Le traitement de masse de la depression bat la campagne; communication de la depression, 3 - Abdication de la subjectivite
« Prendre en charge le paradoxe des lumières nous conduit a repérer de quelle façon il retentit au sein de la transmission de la psychanalyse. D'un côté, la psychanalyse, en tant qu'elle mène un combat contre la censure sociale, demeure d'une certaine façon, sous la bannière de nos encyclopédistes. Nous pouvons même dire que ce combat, voulu par un Freud dans sa référence à l'Aufklärung, est apparemment victorieux du fait de la progressive levée en masse du refoulement social. Si, de cette victoire, s'avérant par le bouleversement des mœurs, par une libération sexuelle tous azimuts, j'ai dit qu'elle était « apparente » c'est pour la raison suivante : s'il y a une libération des mœurs, dont nous devons nous féliciter, que devons-nous penser du fait que parallèlement à cette libération des pulsions nous constations, dans notre expérience de la cure, que ces sujets nouvellement libérés quant à leur jouissance, s'avèrent si souvent en panne envers ce qu'il en est de leur rapport à la parole ? Tout ne se passe-t-il pas comme si les brèches faites dans la censure sociale ouvraient l'accès à une nouvelle jouissance de masse mais au prix de fermer l'accès à la parole singulière ?

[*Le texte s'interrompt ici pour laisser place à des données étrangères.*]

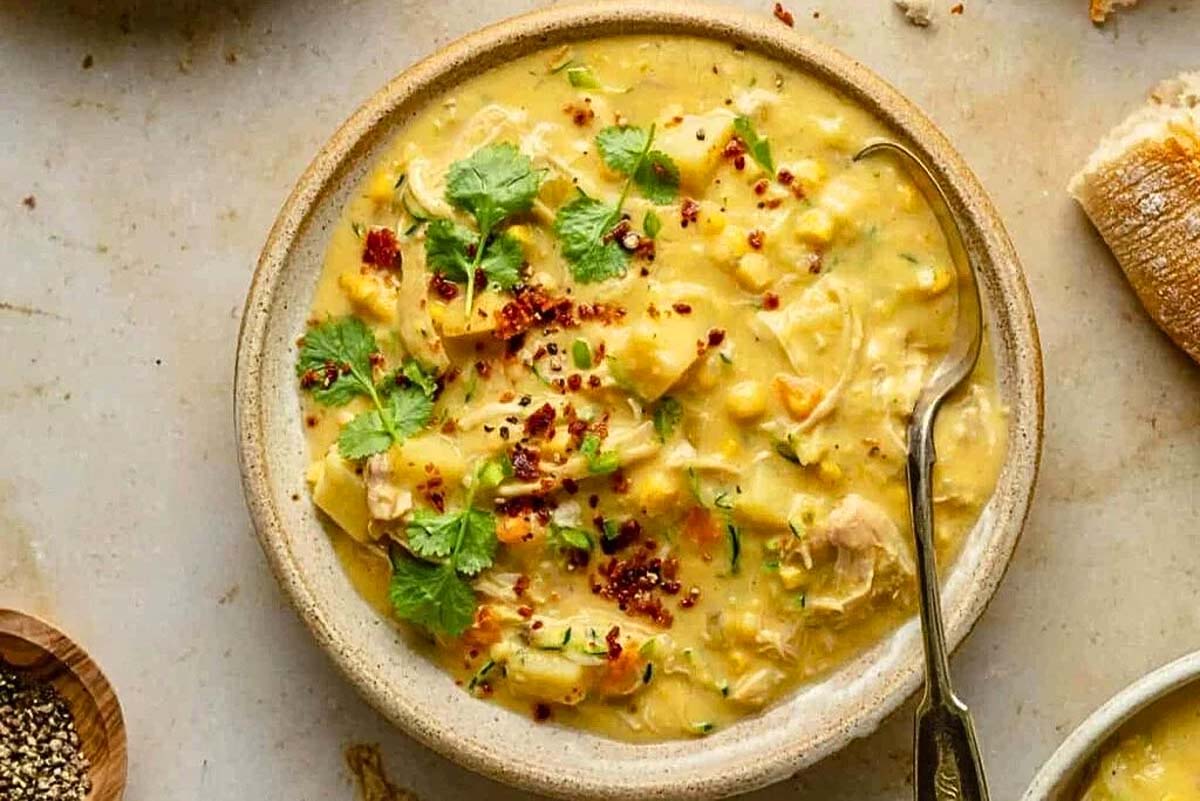 A warm bowl of slow cooker chicken noodle soup on a table.
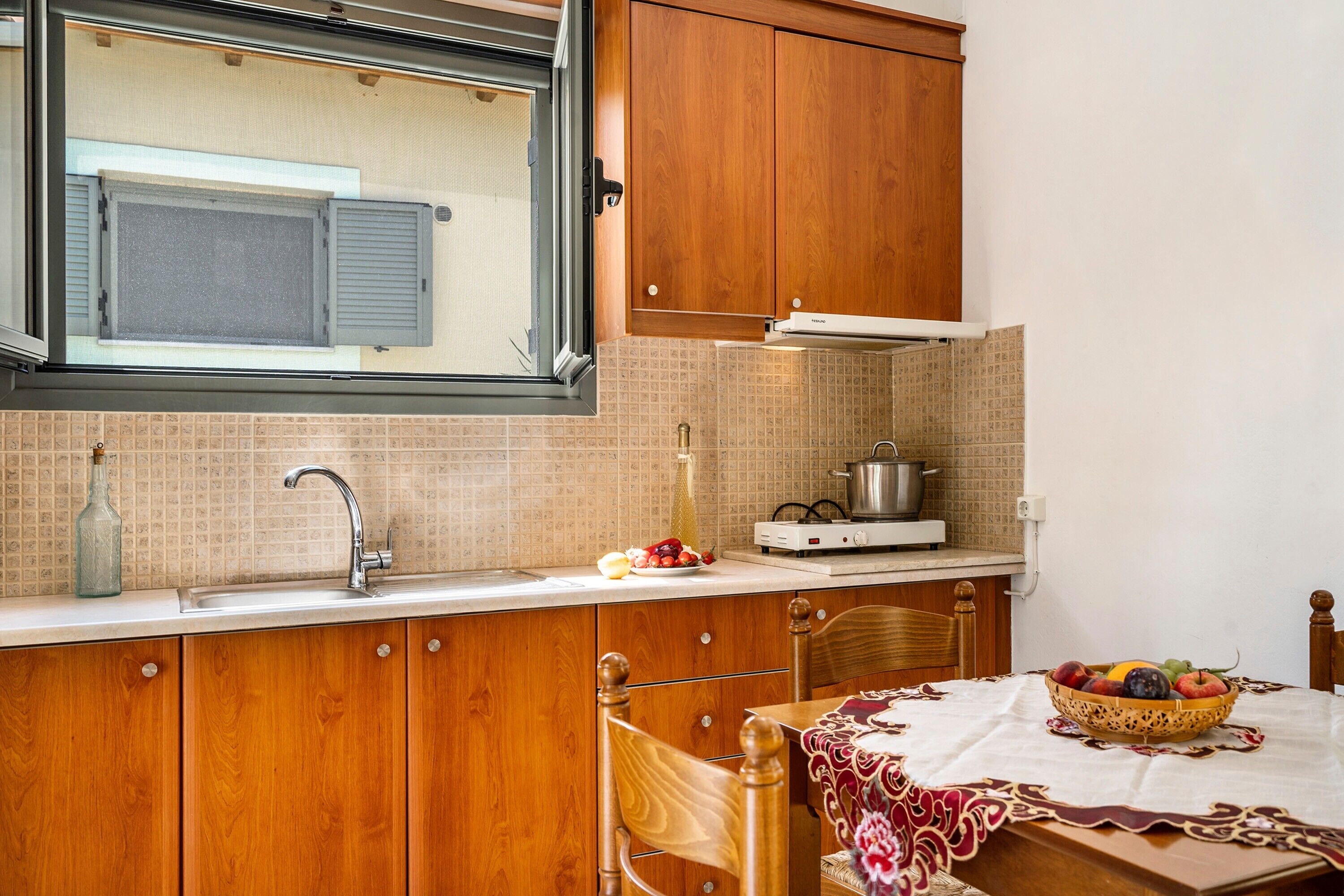 Une cuisine avec des meubles de rangement en bois, un évier, une fenêtre, une cuisinière et une table sur laquelle se trouve un panier de fruits.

La souffrance contemporaine –dite dépression- apparaît ainsi comme l'expression d'une jouissance muette qui ne disposant plus du mot, renvoie le sujet à une solitude liée à l'abdication de sa subjectivité de « parlêtre ». »
(Alain Didier-Weil, LA PSYCHANALYSE, LE POLITIQUE ET LE PARADOXE DES LUMIÈRES, Communication faite à l'Agora le 25 mars 2004)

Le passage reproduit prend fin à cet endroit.